“We may have differences with Vladimir Putin but I have not forgotten and will never forget that the Russian people gave millions of lives [during World War II]. I told Vladimir Putin that as the representative of the Russian people, he is welcome to the ceremonies.”
- French President François Hollande, May 8, 2014.
It was never a good idea to invite Vladimir Putin to join the 70th-anniversary commemoration of the D-Day landings on June 6. But the justification now offered by the French government makes the original mistake a great deal worse.
As Putin prepares for the Normandy ceremonies, his hirelings are attempting to provoke violence and disrupt elections in Ukraine. Putin justifies his government’s actions against Ukraine as necessary to resist Ukrainian “fascists.”
This represents an audacious inversion of reality. In free presidential elections on May 25, about 2 percent of Ukrainians cast their ballots for the ultra-nationalist parties Svoboda and Pravy Sektor. In elections that same day to the European Union parliament, France’s xenophobic and anti-Semitic National Front collected 25 percent of the vote. Meanwhile, Putin himself has emerged as the chief paymaster and inspiration for Europe’s far-right parties.
In Putin’s distorted version of reality, those Ukrainians who demonstrated for a liberal, democratic, and European-oriented future are vilified as neo-Nazis. The Russian-backed thugs and goons who violently attack them are saluted as the heirs to the anti-Nazi resistance.
This inversion may be audacious, but it is not new. For almost half a century after 1945, Soviet leaders vilified any and all resistance to their rule over Eastern Europe as fascist by definition. Social democrats, Catholics, peasant populists, and monarchist conservatives: fascists all. At the same time, the Soviets redefined the war against Nazi Germany as a specifically Russian struggle. The millions of war dead inside the Soviet Union—many of them Jews, Ukrainians, Poles, Belarusians, and other national minorities—were boldly relabeled as “Russians” all. When François Hollande salutes Vladimir Putin as the heir and legatee of the wartime Grand Alliance, he repeats and ratifies this antique and deceitful propaganda.
In the context of 2014, this propaganda is especially dangerous. The Soviets reinvented World War II as a Russian war to deliberately discredit any expression of nationalism in their largest subject-nation, Ukraine. If the Ukrainians were all Nazis, then a bid for Ukrainian independence must be a Nazi project. That was a highly useful idea for the Soviets in the postwar era. It’s a useful idea for Vladimir Putin again today.
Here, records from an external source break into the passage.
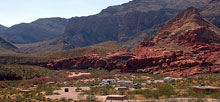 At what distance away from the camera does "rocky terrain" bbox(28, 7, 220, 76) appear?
234 feet

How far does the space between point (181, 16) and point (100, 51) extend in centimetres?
3701

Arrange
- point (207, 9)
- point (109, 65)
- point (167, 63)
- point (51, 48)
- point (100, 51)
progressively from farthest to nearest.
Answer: point (51, 48), point (207, 9), point (100, 51), point (109, 65), point (167, 63)

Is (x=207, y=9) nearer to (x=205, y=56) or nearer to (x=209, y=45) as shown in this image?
(x=209, y=45)

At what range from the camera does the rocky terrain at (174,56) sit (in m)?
71.4

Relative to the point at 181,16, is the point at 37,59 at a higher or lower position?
lower

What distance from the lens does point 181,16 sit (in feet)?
396

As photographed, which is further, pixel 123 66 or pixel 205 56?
pixel 123 66

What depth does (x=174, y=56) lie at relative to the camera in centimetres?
7606

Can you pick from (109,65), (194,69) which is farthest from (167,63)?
(109,65)

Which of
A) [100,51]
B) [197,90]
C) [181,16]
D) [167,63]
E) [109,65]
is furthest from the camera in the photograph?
[181,16]

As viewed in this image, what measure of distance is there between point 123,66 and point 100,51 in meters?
25.2

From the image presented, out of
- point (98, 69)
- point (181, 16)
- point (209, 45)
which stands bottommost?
point (98, 69)

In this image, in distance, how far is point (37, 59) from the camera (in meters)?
99.2

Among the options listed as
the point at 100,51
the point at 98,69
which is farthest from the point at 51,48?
the point at 98,69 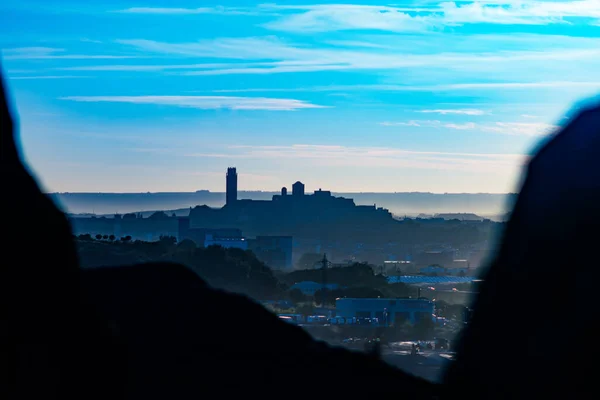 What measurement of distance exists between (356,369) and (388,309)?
41640 millimetres

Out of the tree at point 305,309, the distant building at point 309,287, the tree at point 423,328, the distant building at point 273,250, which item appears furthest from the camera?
the distant building at point 273,250

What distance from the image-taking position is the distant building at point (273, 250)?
367 ft

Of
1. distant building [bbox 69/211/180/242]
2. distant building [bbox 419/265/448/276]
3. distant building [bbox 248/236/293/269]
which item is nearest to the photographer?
distant building [bbox 419/265/448/276]

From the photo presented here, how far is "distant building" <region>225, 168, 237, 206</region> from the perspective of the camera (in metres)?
166

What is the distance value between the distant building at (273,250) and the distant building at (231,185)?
133 feet

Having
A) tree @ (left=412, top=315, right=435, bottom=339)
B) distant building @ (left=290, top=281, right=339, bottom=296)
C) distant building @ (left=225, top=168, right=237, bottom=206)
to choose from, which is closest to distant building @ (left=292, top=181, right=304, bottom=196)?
distant building @ (left=225, top=168, right=237, bottom=206)

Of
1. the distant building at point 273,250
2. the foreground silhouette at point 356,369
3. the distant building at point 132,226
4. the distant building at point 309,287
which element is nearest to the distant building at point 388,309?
the distant building at point 309,287

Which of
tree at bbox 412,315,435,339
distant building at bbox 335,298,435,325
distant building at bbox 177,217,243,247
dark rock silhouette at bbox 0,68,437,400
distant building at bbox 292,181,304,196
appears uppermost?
distant building at bbox 292,181,304,196

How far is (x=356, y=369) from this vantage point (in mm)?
7629

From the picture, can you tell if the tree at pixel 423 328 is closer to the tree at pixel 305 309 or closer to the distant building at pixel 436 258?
the tree at pixel 305 309

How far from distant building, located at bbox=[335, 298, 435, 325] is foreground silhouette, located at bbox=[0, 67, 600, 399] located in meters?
38.3

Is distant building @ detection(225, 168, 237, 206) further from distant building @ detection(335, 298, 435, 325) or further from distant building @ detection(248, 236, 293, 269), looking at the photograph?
distant building @ detection(335, 298, 435, 325)

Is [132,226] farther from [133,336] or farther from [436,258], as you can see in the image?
[133,336]

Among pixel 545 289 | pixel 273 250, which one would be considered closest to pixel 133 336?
pixel 545 289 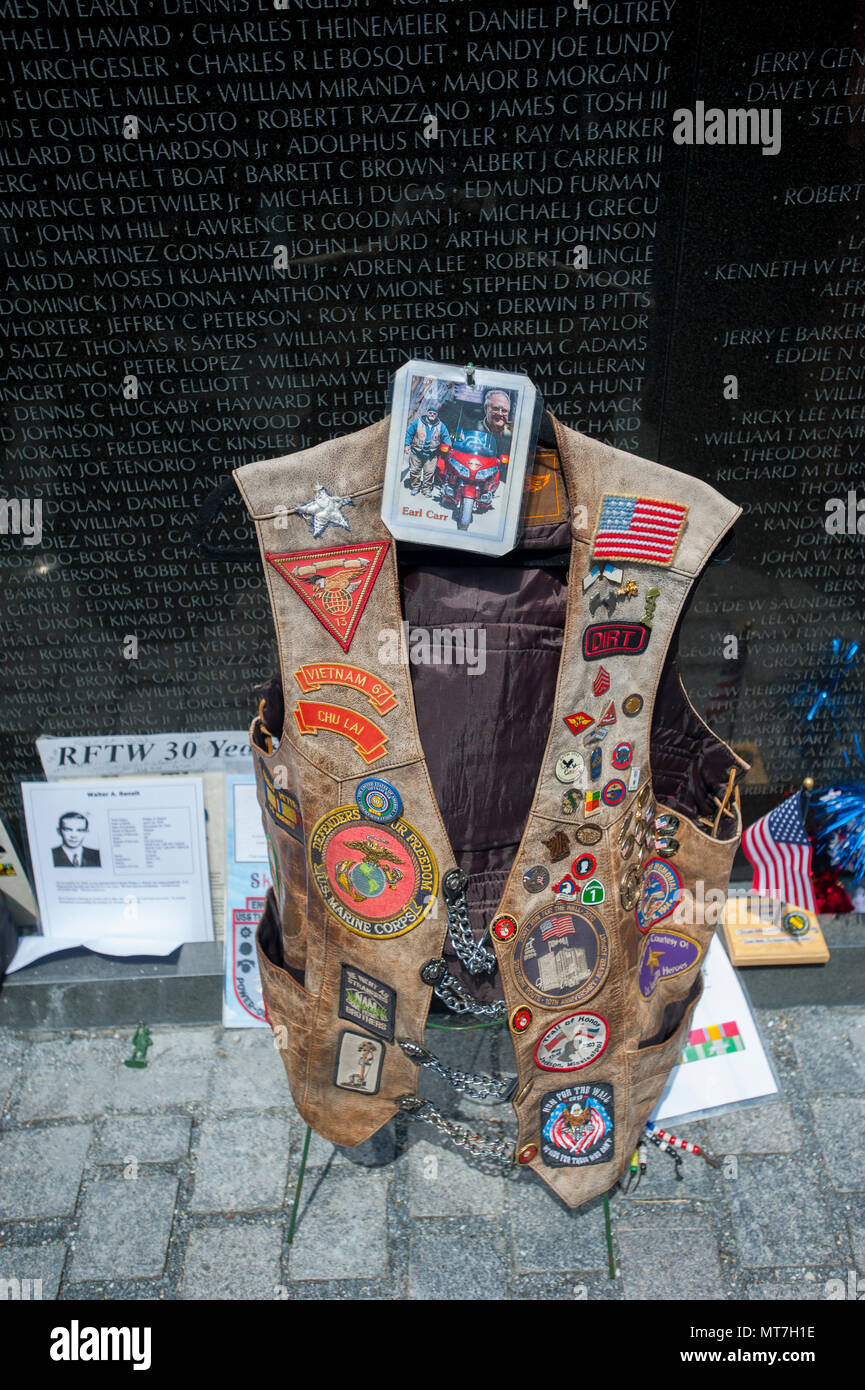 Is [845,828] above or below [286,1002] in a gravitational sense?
below

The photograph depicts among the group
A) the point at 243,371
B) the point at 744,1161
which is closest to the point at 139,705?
the point at 243,371

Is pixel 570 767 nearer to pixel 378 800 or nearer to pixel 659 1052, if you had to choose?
pixel 378 800

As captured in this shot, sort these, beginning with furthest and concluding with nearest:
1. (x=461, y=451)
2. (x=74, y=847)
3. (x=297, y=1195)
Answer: (x=74, y=847) → (x=297, y=1195) → (x=461, y=451)

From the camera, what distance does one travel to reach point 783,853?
3.79 m

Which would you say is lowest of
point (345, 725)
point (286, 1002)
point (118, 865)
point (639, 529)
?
point (118, 865)

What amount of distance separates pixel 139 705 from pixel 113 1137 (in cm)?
148

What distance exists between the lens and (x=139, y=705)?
373cm

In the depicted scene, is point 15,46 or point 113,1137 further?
→ point 113,1137

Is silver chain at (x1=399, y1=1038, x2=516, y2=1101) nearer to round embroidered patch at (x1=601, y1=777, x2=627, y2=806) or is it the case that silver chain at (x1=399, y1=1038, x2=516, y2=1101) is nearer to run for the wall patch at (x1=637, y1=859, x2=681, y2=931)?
run for the wall patch at (x1=637, y1=859, x2=681, y2=931)

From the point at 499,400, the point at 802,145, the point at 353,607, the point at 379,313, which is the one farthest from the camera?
the point at 379,313

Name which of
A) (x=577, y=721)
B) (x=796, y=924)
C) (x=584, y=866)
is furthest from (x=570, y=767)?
(x=796, y=924)

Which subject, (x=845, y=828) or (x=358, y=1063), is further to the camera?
(x=845, y=828)

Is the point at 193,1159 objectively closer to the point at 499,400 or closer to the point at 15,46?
the point at 499,400

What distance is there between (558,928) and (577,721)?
0.52 meters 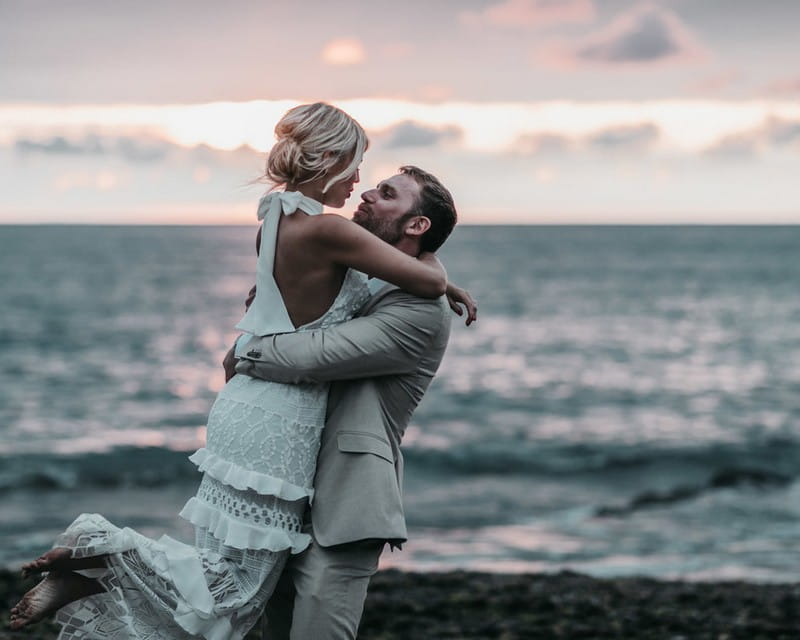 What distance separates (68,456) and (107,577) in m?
14.8

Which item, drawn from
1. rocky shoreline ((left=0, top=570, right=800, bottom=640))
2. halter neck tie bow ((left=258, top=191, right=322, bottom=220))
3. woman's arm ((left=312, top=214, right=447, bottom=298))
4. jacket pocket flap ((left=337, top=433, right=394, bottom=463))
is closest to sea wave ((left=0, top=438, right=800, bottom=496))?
rocky shoreline ((left=0, top=570, right=800, bottom=640))

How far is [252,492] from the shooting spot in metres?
3.55

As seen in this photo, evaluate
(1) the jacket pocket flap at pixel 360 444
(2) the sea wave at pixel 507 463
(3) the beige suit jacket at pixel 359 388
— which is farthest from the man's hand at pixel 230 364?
(2) the sea wave at pixel 507 463

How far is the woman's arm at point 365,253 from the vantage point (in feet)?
11.4

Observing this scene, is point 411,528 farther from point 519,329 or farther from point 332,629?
point 519,329

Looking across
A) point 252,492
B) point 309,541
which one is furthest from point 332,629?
point 252,492

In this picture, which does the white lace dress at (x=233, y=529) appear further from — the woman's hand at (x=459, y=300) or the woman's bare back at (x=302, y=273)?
the woman's hand at (x=459, y=300)

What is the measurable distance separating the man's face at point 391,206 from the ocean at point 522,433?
297 inches

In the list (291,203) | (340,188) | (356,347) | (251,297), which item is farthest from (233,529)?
(340,188)

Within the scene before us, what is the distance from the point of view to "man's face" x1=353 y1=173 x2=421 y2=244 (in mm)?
3697

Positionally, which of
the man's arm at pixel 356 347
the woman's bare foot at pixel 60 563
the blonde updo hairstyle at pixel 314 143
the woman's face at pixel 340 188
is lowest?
the woman's bare foot at pixel 60 563

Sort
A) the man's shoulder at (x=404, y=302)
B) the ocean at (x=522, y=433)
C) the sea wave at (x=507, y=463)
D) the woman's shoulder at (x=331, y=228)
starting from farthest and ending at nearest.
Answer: the sea wave at (x=507, y=463), the ocean at (x=522, y=433), the man's shoulder at (x=404, y=302), the woman's shoulder at (x=331, y=228)

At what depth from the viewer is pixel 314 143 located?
3484mm

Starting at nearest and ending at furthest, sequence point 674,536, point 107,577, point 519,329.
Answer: point 107,577 → point 674,536 → point 519,329
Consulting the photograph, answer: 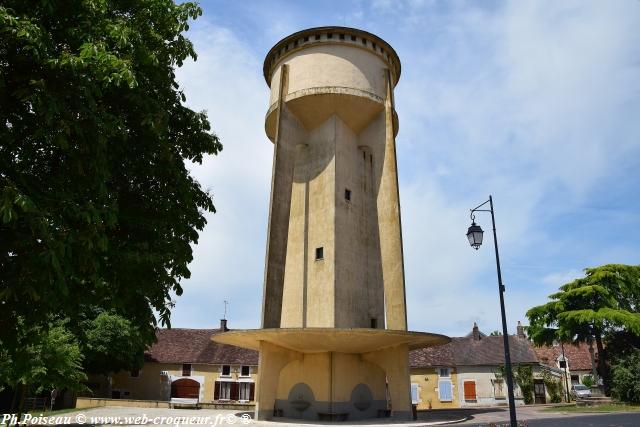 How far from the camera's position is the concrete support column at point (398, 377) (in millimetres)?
19453

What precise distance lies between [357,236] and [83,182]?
16470 mm

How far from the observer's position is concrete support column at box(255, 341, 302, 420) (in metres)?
19.1

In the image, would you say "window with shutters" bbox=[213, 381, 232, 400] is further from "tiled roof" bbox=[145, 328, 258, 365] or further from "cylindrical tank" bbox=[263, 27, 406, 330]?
"cylindrical tank" bbox=[263, 27, 406, 330]

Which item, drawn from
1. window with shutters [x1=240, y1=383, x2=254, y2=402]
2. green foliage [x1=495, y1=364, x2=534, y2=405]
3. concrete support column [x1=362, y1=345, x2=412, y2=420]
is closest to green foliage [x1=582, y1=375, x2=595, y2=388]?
green foliage [x1=495, y1=364, x2=534, y2=405]

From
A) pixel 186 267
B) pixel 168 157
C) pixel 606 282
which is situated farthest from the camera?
pixel 606 282

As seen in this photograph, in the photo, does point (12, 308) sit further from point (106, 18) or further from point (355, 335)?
point (355, 335)

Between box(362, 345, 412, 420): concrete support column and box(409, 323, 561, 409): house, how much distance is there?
20.6 meters

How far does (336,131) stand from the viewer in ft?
78.0

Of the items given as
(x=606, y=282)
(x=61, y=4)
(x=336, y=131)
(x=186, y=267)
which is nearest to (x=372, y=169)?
(x=336, y=131)

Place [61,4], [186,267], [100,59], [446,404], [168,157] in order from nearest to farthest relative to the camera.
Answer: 1. [100,59]
2. [61,4]
3. [168,157]
4. [186,267]
5. [446,404]

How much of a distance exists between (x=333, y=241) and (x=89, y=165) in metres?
14.9

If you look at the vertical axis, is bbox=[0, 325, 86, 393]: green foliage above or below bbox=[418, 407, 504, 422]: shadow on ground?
above

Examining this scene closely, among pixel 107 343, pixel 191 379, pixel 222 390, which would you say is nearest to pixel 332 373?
pixel 107 343

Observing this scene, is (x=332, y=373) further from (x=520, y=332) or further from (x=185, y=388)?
(x=520, y=332) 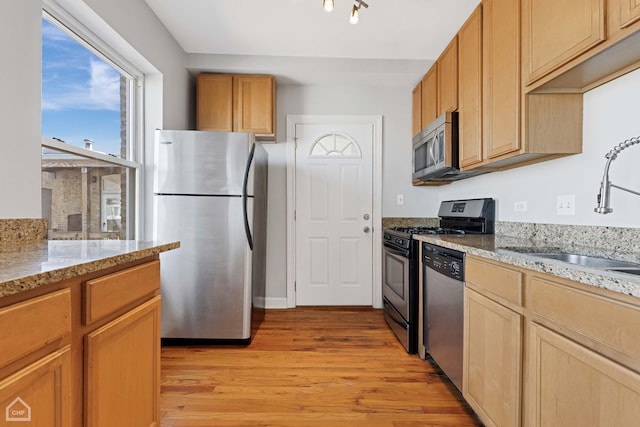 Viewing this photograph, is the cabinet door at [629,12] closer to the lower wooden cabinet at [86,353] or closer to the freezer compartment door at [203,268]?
the lower wooden cabinet at [86,353]

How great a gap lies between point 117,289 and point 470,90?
89.1 inches

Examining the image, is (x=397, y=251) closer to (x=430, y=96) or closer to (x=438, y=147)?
(x=438, y=147)

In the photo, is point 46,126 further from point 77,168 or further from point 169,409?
point 169,409

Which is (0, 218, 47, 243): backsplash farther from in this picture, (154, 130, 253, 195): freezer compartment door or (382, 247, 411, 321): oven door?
(382, 247, 411, 321): oven door

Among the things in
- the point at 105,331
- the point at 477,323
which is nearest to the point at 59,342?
the point at 105,331

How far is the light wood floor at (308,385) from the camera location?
1.64m

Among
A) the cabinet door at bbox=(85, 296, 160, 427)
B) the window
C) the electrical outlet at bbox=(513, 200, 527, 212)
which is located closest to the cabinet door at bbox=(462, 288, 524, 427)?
the electrical outlet at bbox=(513, 200, 527, 212)

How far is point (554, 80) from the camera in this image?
1.47m

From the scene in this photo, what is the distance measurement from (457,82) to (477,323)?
171 centimetres

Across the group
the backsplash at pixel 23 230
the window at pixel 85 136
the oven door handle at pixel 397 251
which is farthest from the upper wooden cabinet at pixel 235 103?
the backsplash at pixel 23 230

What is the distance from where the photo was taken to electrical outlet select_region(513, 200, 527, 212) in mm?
2062

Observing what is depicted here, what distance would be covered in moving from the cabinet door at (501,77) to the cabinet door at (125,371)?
6.36 feet

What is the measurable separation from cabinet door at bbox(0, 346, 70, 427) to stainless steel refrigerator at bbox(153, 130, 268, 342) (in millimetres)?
1633

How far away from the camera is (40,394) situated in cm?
74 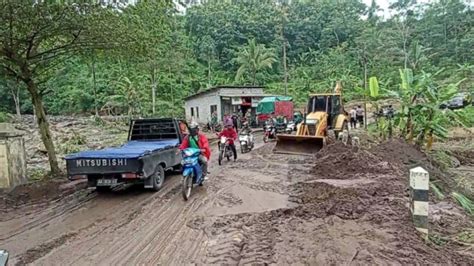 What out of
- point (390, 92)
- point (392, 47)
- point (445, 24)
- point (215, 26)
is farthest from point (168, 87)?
point (390, 92)

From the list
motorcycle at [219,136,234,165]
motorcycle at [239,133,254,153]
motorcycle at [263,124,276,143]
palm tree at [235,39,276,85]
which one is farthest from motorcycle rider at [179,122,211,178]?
palm tree at [235,39,276,85]

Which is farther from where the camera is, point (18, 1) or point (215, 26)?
point (215, 26)

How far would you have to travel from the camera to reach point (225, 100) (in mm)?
33719

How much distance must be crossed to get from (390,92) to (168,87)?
123ft

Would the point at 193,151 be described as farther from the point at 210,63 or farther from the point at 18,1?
the point at 210,63

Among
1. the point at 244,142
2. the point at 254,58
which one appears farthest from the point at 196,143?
the point at 254,58

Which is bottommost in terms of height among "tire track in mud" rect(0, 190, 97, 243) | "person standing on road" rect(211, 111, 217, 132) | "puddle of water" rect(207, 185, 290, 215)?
"tire track in mud" rect(0, 190, 97, 243)

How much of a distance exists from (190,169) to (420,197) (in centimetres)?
512

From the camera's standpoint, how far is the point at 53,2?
9297mm

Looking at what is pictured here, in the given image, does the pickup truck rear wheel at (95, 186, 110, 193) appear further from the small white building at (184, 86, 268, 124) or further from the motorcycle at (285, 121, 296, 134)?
the small white building at (184, 86, 268, 124)

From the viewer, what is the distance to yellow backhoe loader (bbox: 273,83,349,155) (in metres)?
15.8

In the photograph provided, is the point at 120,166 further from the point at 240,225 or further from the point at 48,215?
the point at 240,225

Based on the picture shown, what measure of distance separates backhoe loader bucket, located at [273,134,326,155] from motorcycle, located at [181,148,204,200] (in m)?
6.81

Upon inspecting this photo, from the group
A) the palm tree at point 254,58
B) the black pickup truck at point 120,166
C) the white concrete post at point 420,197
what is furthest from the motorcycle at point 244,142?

And yes, the Nazis did indeed recruit collaborators inside Ukraine. Some Ukrainians welcomed the Nazi invasion in 1941 as a liberation from Soviet rule. Some committed vicious atrocities against Poles and Jews. Some opportunistically served whichever side seemed to be winning at the moment. Some heroically sacrificed themselves to win a global victory for freedom in which their own country would not share.
The same story could be told almost everywhere in Nazi-occupied Europe. If collaboration in the 1940s discredited a nation’s right to self-government in the 2010s, then France itself would forfeit its rights.
Putin’s approach is to claim for Russia all that is creditable in Soviet history—and then to present Russians as the principal victims of every Soviet crime and atrocity, when those crimes are not outright excised or denied. Yet 7 million Ukrainians wore the uniform of the Red Army during World War II. If Putin is entitled to a place on the Normandy reviewing stand to honor the contributions of Russians in 1941-45, why not also invite Ukraine’s president-elect—and, for that matter, Kazakhstan’s and Uzbekistan’s and those of all the successor republics of the Soviet Union? Are too many of those leaders thugs and crooks? Well, what else is Putin? If it’s too embarrassing to invite President Alexander Lukashenko of Belarus, it ought to be too embarrassing to invite his patron.
In 1994, French President François Mitterrand—himself a former collaborationist—declined to invite Germany’s Helmut Kohl to the 50th anniversary of the D-Day landings. The excuse was that the day belonged only to the victorious Allies. (The true motive seems to have been to remind newly reunified Germany to mind its Ps and Qs.) Since then, a more charitable spirit has prevailed. German Chancellor Gerhard Schroeder joined French President Jacques Chirac to commemorate the 60th anniversary of D-Day. In explaining the invitation and his decision to accept, Schroeder wrote that on D-Day, “France was liberated from German occupation and we Germans from the Nazi tyranny. This day is much more than victory or defeat. It has become a symbol of the struggle for freedom, democracy and human rights. It is only right that we Germans take part.” That decision seems just and generous today. And it explains why all the states of democratic Europe deserve an invitation to share the memory of the day—and why Vladimir Putin doesn’t.